Abrir espaço pra criatividade e contato do que está em processo. Ampliar o olhar para os “desmétodos” alheios para se reconectar com nosso próprio movimento autoral. Deixar um pouco os manuais de escrita de lado, as tendências da creator economy e se sensibilizar com outras expressões artísticas também. Eu não quero ser a pessoa que diz o que outra deve fazer pra criar. Quero ser a pessoa que pergunta o que te interessa criar e como quer experimentar isso.
Entrar em contato com expressões artísticas diversas ativa a sensibilidade, a serendipidade, a imaginação e a intuição. Nenhuma forma de arte é luxo:
“Se aquilo de que precisamos para sonhar, para conduzir nosso espírito de maneira mais direta e profunda rumo à esperança, for desprezado como sendo um luxo, vamos abrir mão do cerne - da fonte - do nosso poder, da nossa condição de mulher; vamos abrir mão do futuro dos nossos mundos.” - Audre Lorde, A poesia não é um luxo.
Crítica
“Perguntar, tecer hipóteses, gerar entendimento”

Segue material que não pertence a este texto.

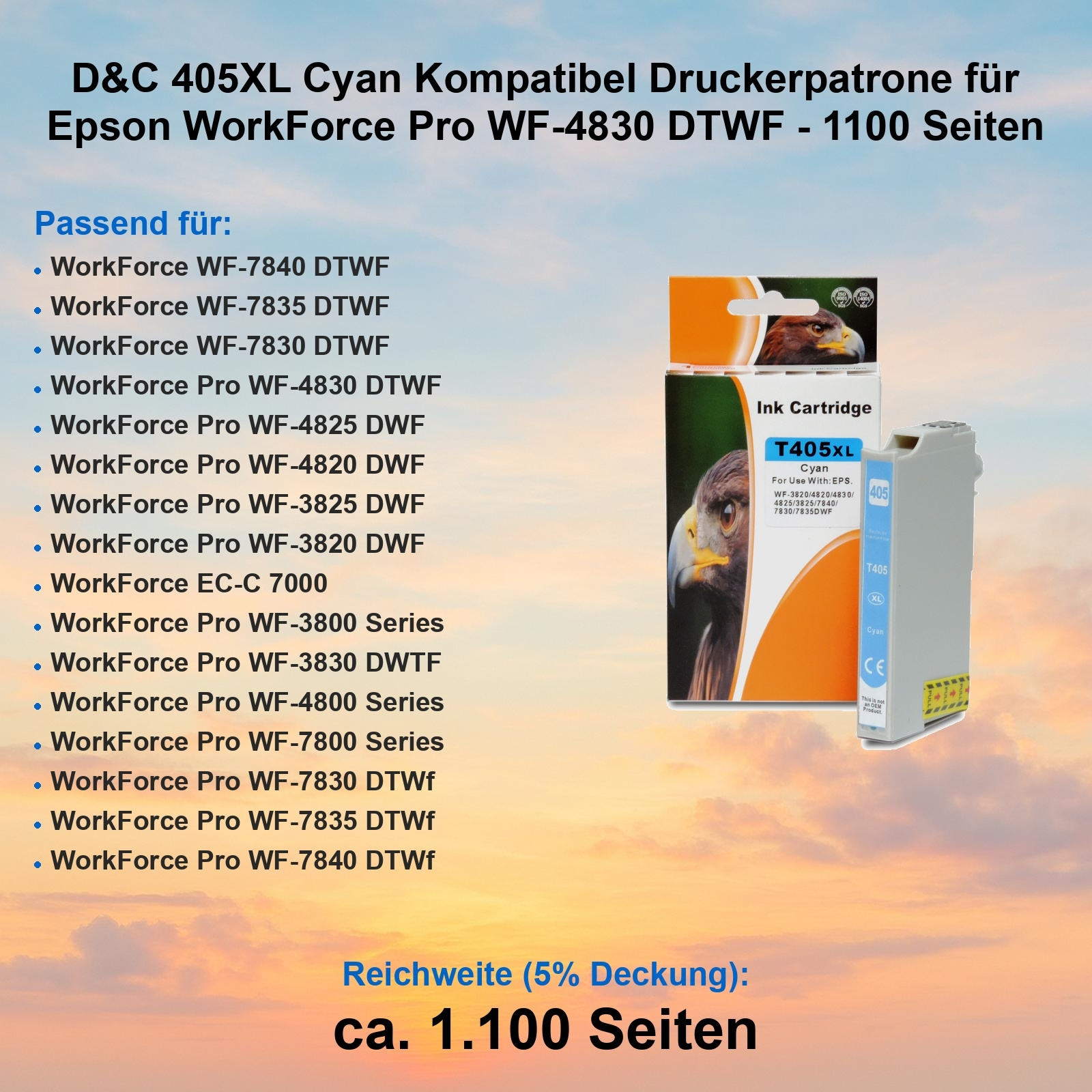 Cyan-Tintenpatrone mit Box, Produktdetails und Kompatibilitätsliste.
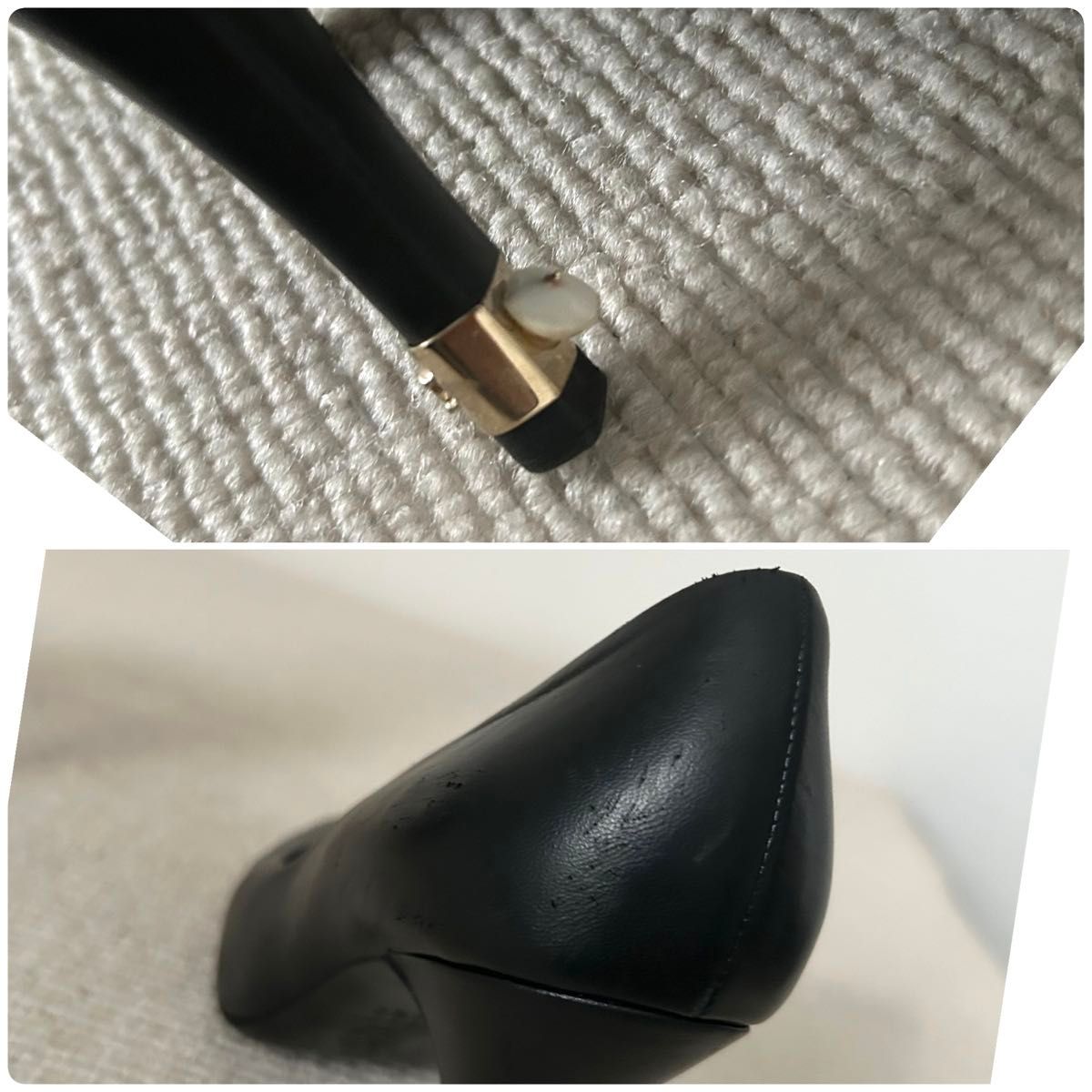 CHANEL シャネル パンプス オープントゥ ココマーク 黒 23 5cm CHANEL シャネル パンプス オープントゥ ココマーク 黒 23 5cm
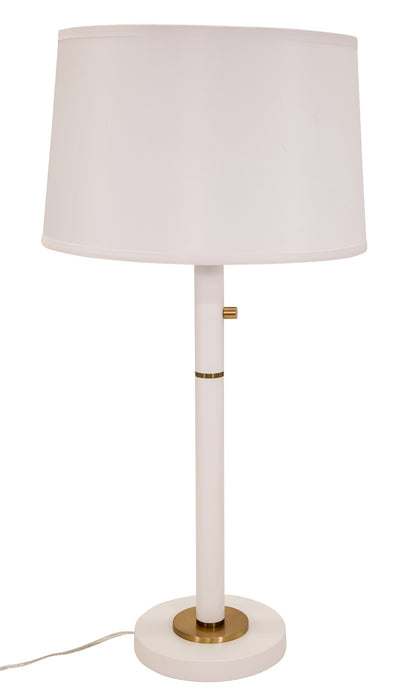 Rupert Three Way Table Lamp In White With Weathered Brass Accents And Usb Port with White Linen Hardback
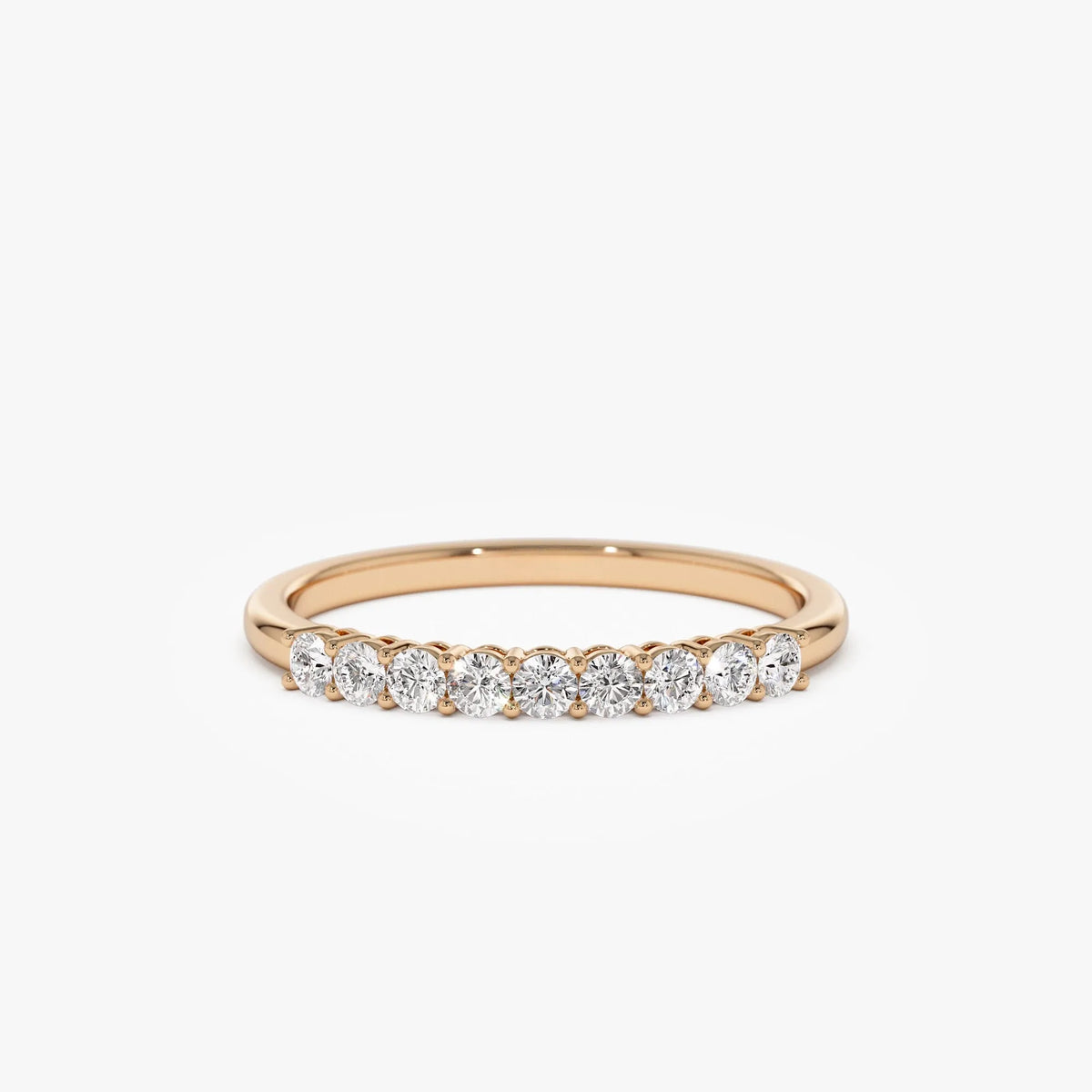 14k Gold 0.30ctw Round Diamond 9 Stone Basket Setting Wedding Ring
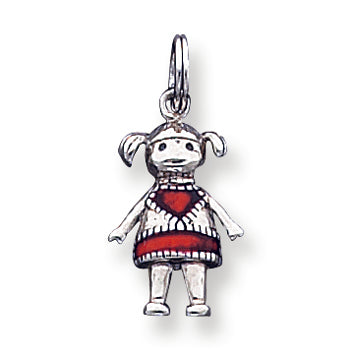 Sterling Silver Oxdz Enameled Red Girl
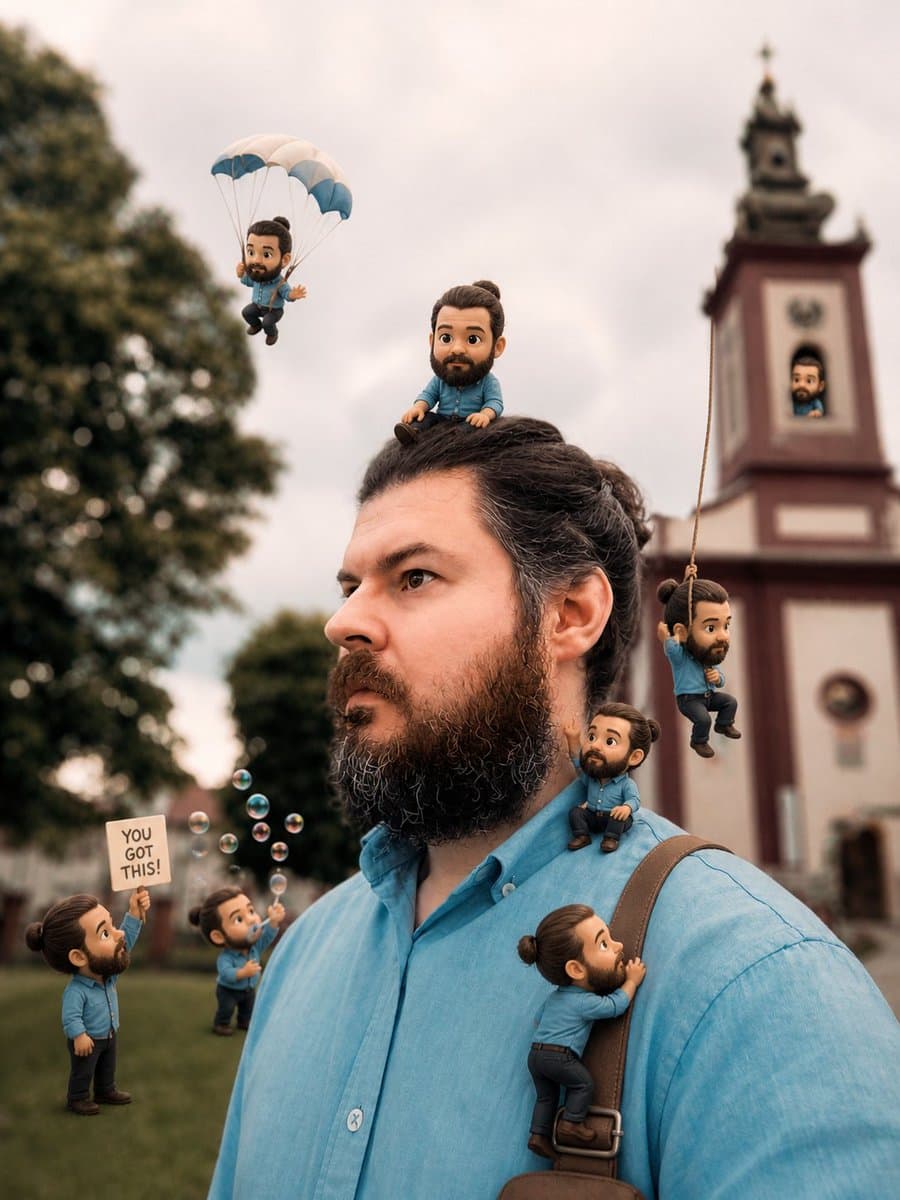 Miniature Clone Portrait in Churchyard — Sora 2 Prompt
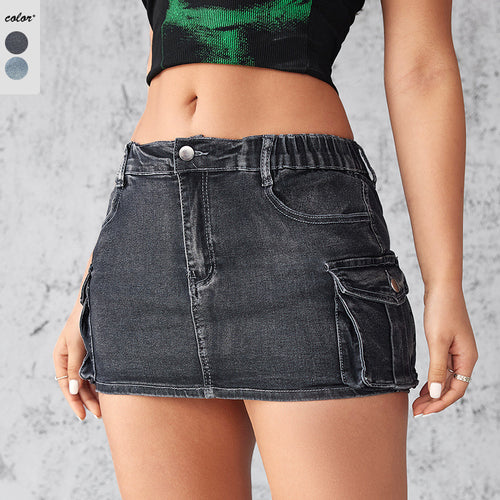 Damen Jeansrock mit angesagtem Used-Look und hohem Taillenbund EB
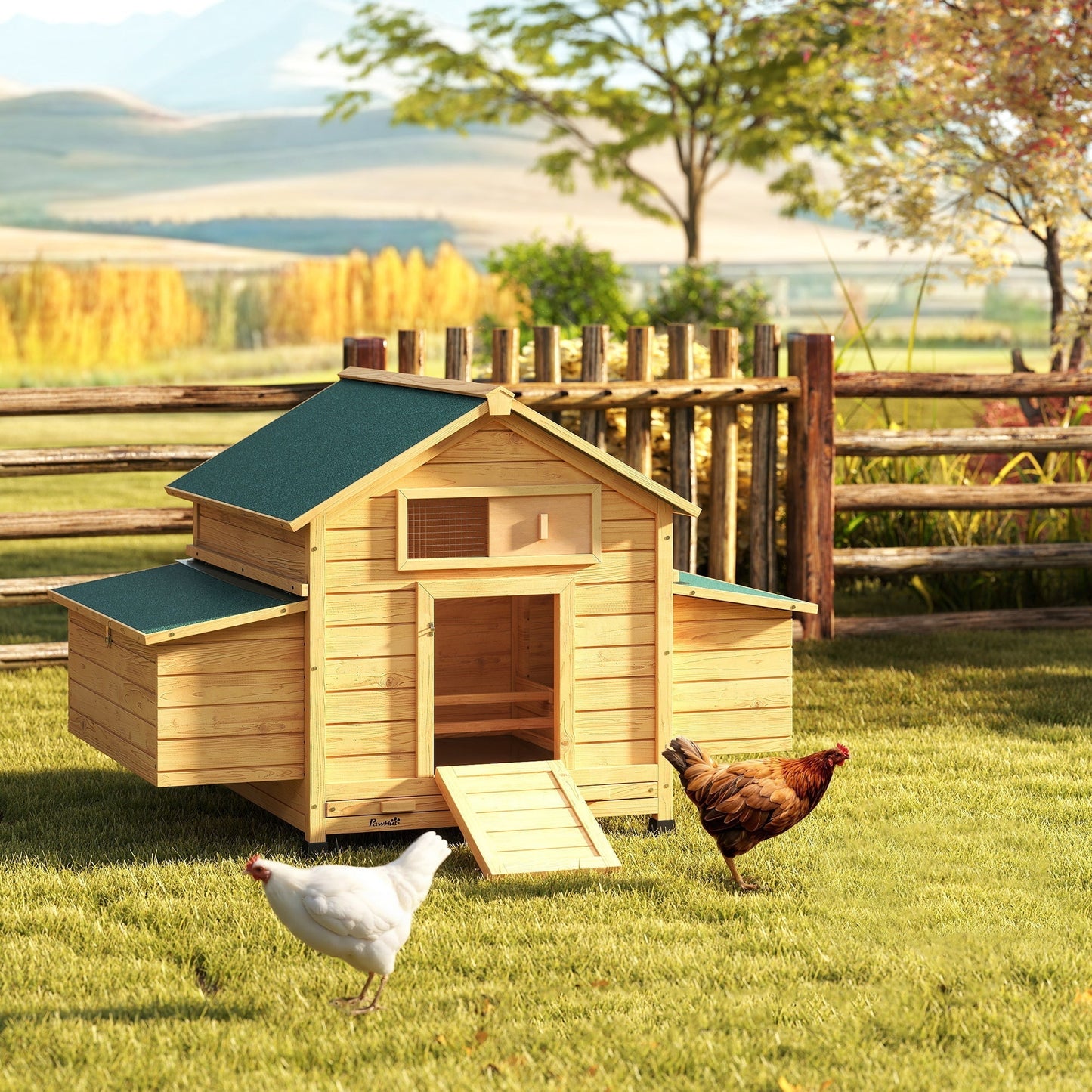 PawHut Chicken Coop, Wooden Outdoor Hen House with Nesting Box, Openable Waterproof Top, Pull-Out Tray, 150 x 100 x 97cm
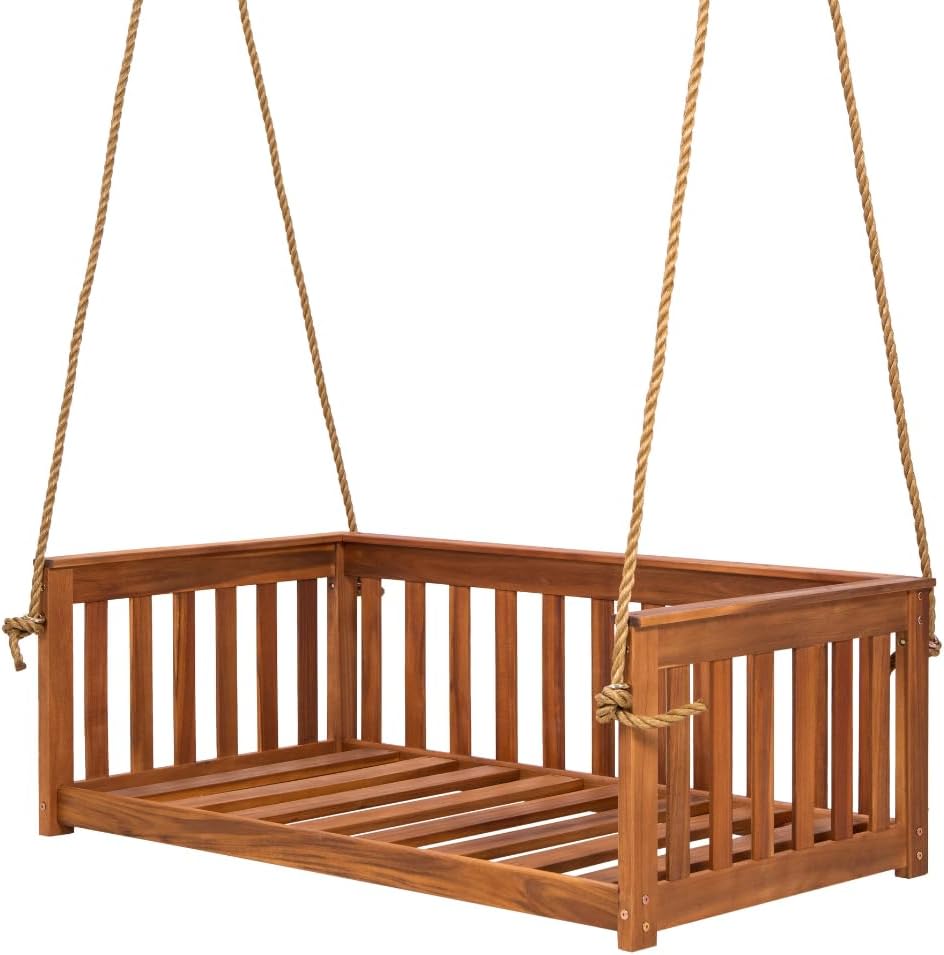 Charleston Outdoor Daybed Swing with Ropes - Crib Size Porch Swing Bed Made from Acacia Wood in Natural Finish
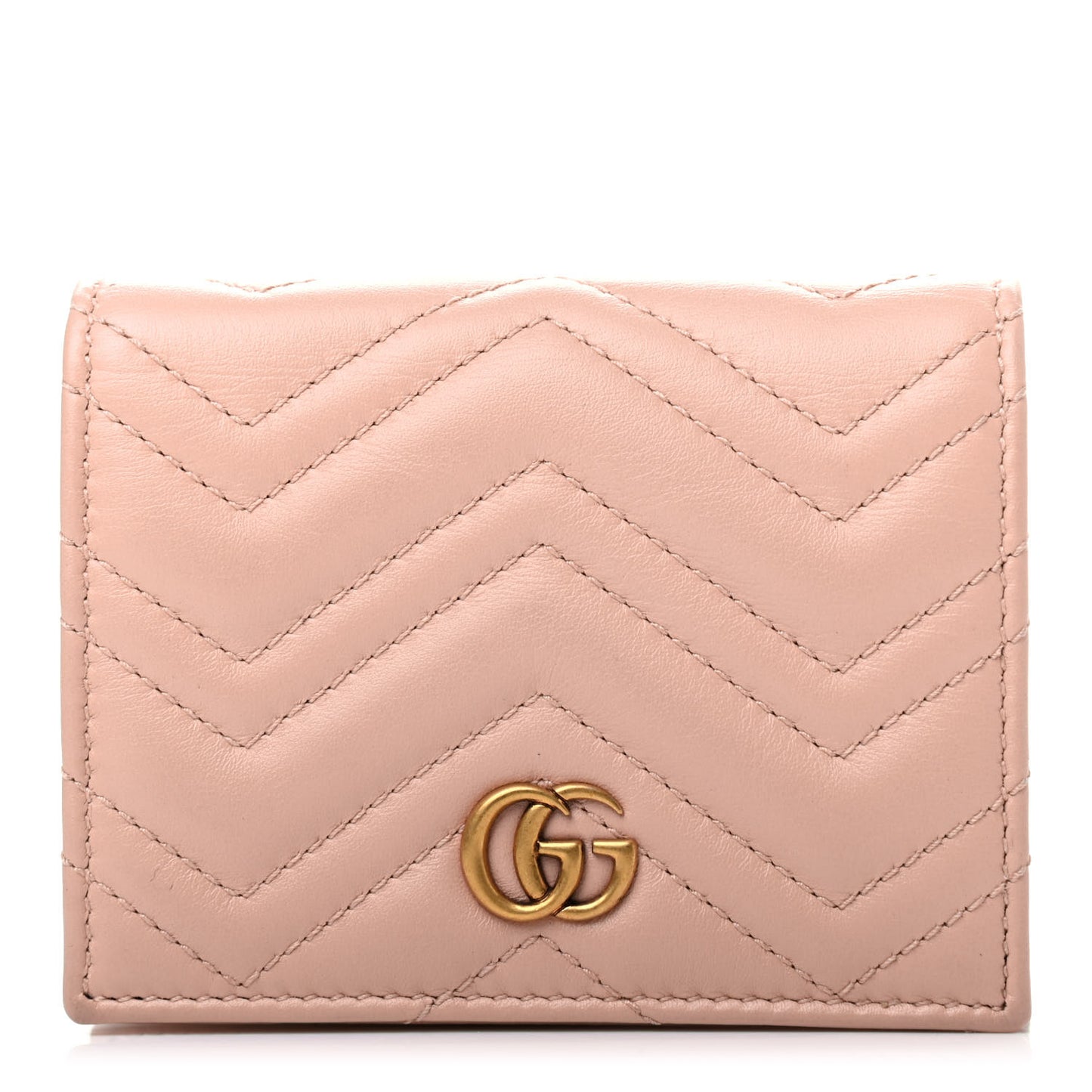 Calfskin Matelasse GG Marmont Card Case Wallet Perfect Pink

Qualquer tentativa de definição seria redutora. Prefiro não entrar na especificidade de estudos críticos, pra simplificar. Coloco a crítica aqui como movimento de leitura e escrita de si e do mundo que busca compreender vieses, padrões, tensões, inter-relações, modos de circulação das histórias que criamos, acreditamos, negamos etc.
Nas listas de habilidades do futuro sempre aparece “pensamento crítico”, mas ninguém explica do que se trata, nem o que seria um pensamento acrítico. A crítica inclui a habilidade de fazer perguntas reflexivas, investigativas, retóricas… e também reconhecer as lentes que usamos para fazer essa leitura, no caso, da comunicação autoral.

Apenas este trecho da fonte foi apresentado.